Die Planer Werner Sobek und Christoph Ingenhoven liegen richtig: Eine Diskussion über die Zukunft der Stadt – jenseits des neuen Tiefbahnhofs – ist dringend notwendig.
Großer Bahnhof für die Superhirne des Tiefbahnhof-Projekts, Architekt Christoph Ingenhoven, Betonspezialist Bernd Hillemeier und Tragwerksplaner Werner Sobek: Ausführlich berichteten sie auf einer Veranstaltung der Bahn in dieser Woche über den Stand der Planung für die komplexe Konstruktion des Tiefbahnhofs, für die es weltweit kein Beispiel gebe. „Das ist das Komplizierteste, was man im Bereich Bauen mit Stahlbeton je gemacht hat“, sagte Staringenieur Sobek.
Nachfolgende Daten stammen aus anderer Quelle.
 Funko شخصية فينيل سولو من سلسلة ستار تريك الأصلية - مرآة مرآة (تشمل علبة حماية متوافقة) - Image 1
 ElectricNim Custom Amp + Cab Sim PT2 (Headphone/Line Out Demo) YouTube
Wenn man diese Worte im Ohr hat, ist es ernüchternd, wenige Tage später zu erfahren, dass das Eisenbahn-Bundesamt noch auf den Nachweis der Tragfähigkeit des Tiefbahnhofs wartet, was ja keine unbedeutendes Detail ist, sondern eine Information, mit der das Bauwerk – um im Wort zu bleiben – steht oder fällt.
Die Tragweite dieses Versäumnisses lässt sich aus Sicht des Laien schwer beurteilen. Die Bahn betrachtet den fehlenden Nachweis eher als Formalie, die keinen nennenswerten Verzögerungen zur Folge habe. Kritiker des Bahnprojekts dürften eine andere Lesart haben: Die Bahn hat die Statik-Panne verschwiegen, jetzt kann sie einem vieles erzählen . . .
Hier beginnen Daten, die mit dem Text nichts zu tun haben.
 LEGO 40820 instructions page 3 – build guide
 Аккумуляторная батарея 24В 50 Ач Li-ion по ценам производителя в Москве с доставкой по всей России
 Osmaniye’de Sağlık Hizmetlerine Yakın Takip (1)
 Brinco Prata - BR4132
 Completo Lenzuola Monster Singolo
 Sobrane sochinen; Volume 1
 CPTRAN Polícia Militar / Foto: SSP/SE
Es fehlt eine städtebauliche Vision
Dieser Vorgang, so ärgerlich er ist, darf nicht dazu führen, den Erzählungen der Planer Ingenhoven und Sobek kein Gehör mehr zu schenken. Im Gegenteil. Es lohnt sich, ihnen zuzuhören. Besonders wenn die beiden danach fragen, was – zeitlich wie räumlich gesprochen – eigentlich nach der Fertigstellung des Tiefbahnhofs kommt? Beide vermissen eine städtebauliche Vision für das frei werdende Gleisfeld und darüber hinaus. Sobek, der Spezialist für Kubaturen, drückt es ganz untechnisch aus: „Wir brauchen eine Erzählung darüber, wie die Stadt sein soll.“ Diese Erzählung soll nicht von Baulinien handeln, sondern von Menschen, Gerüchen, Bäumen – von Lebensqualität.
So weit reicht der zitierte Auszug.